* [Task prompt]:
Reproduce the lines below verbatim. Pictures are to be omitted.

* [Data segment]:

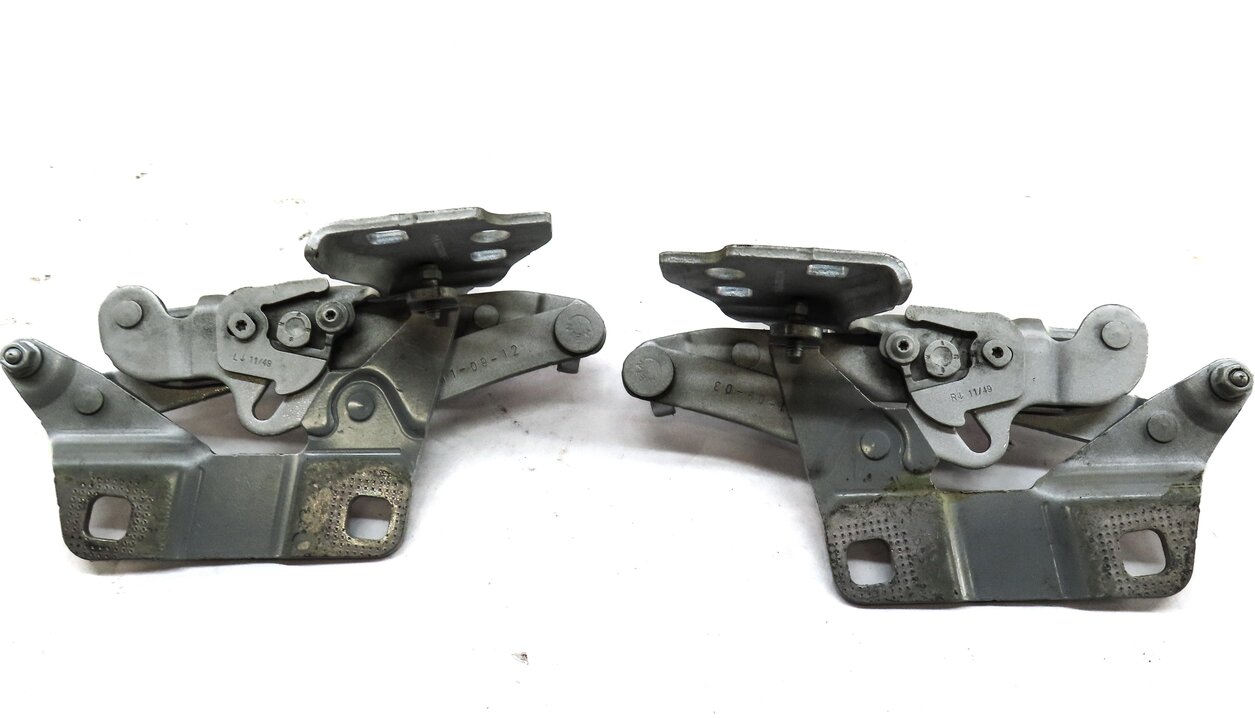 Thumbnail 3: 2012-2019 MERCEDES GL ML CLASS (W166 X166) FRONT HOOD HINGE SET (IRIDIUM SILVER)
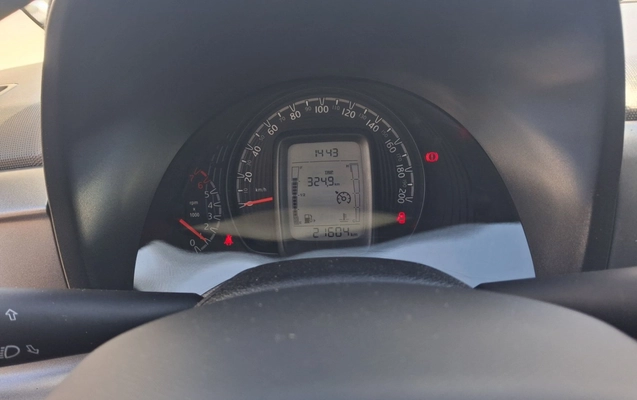 imagem-https://www.socarrao.com.br/sc-vehicle-images-prod/3936319/1789717248443-2_024527.jpg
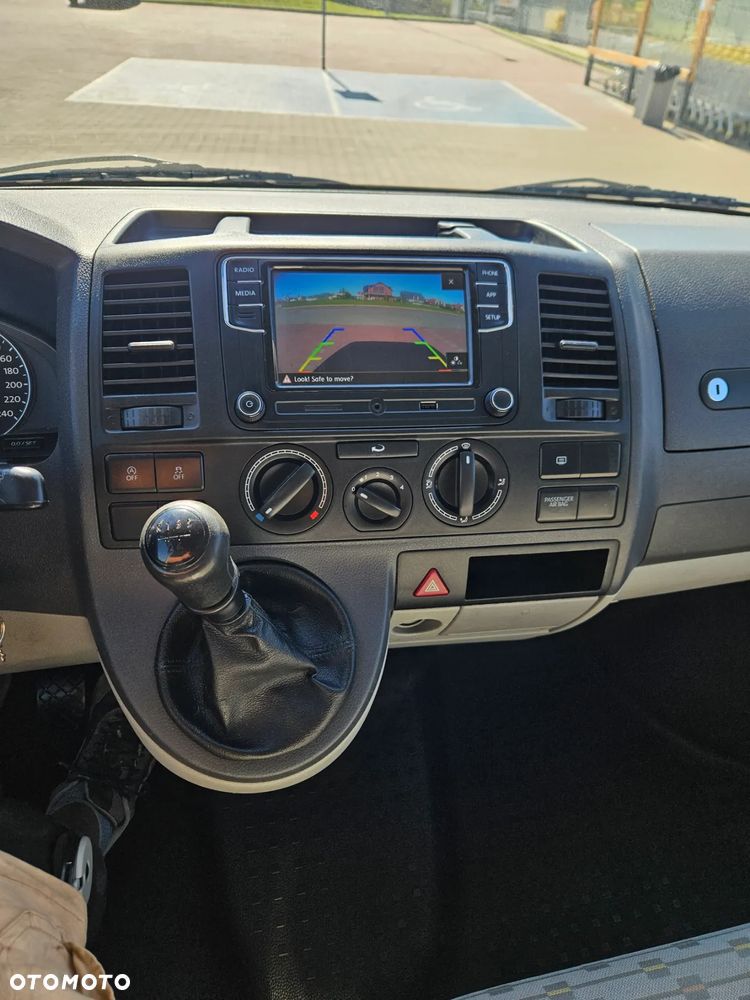 Volkswagen Transporter - 21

* [Task solution]:
 Thumbnail 3: 2012-2019 MERCEDES GL ML CLASS (W166 X166) FRONT HOOD HINGE SET (IRIDIUM SILVER)
 imagem-https://www.socarrao.com.br/sc-vehicle-images-prod/3936319/1789717248443-2_024527.jpg
 Volkswagen Transporter - 21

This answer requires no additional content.